Shares of video game retailer GameStop Corp. (NYSE:GME) plunged 17.6% in March, according to data provided by S&P Global Market Intelligence, after fiscal fourth-quarter net income came in lower than expected and guidance failed to excite investors. No turnaround in the video game business appears to be on the horizon.
On the surface, fourth-quarter results didn't seem all that bad. Revenue was up 15% to $3.5 billion, partially due to an extra week in the quarter, and adjusted earnings of $2.02 per share beat analyst estimates of $1.97. But the GAAP loss of $105.9 million, or $1.04 per share, included a $406.5 million impairment due to writedowns in the technology brands segment. As fellow Fool Timothy Green wrote, the writedown was an admission that the company's strategy was flawed in that segment.

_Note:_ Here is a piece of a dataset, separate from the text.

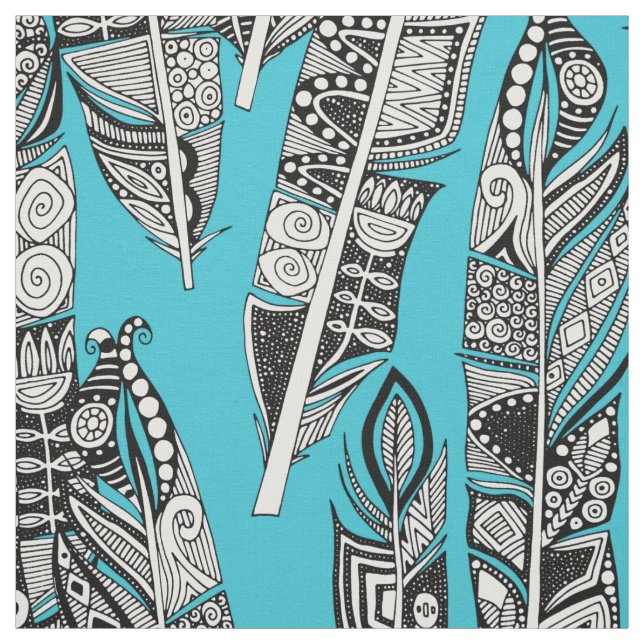 Tissu geo plumes bleu turquoise (Échantillon)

Guidance also failed to excite investors. Revenue is expected to be down 2% to 6% with same-store sales flat to down 5%. Adjusted earnings per share are expected to be $3.00 to $3.35, while analysts' consensus estimate was $3.32. Everyone knows GameStop is in decline, but management says it may be declining faster than investors were expecting.

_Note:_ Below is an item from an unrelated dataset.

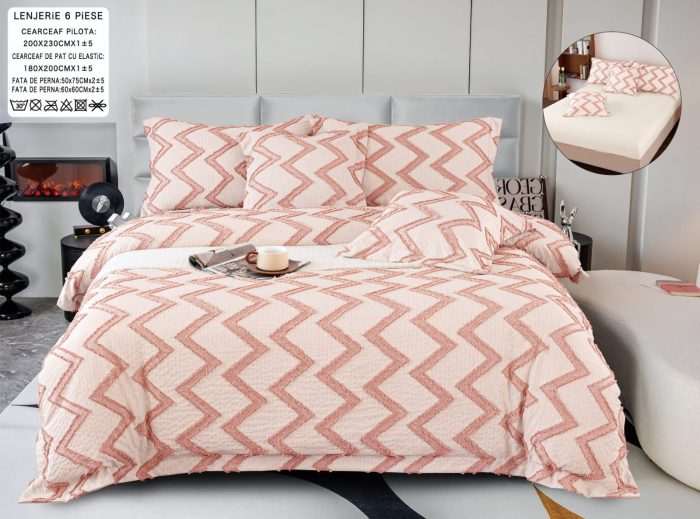 Lenjerie Din Bumbac Tip Finet Cu Elastic Model Gofrat  - Roz Zig Zag [1]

It's tough to know what to do with a company like GameStop today. It's still profitable on an adjusted basis and the $1.52 annual dividend is a 12% yield for investors. But it's hard to argue that the company has a bright future as video games move to digital channels on mobile, consoles, and computers. It's the overall decline in the business that will keep me out of the stock, despite a seemingly attractive forward price-to-earnings ratio of around 4 and a high dividend yield.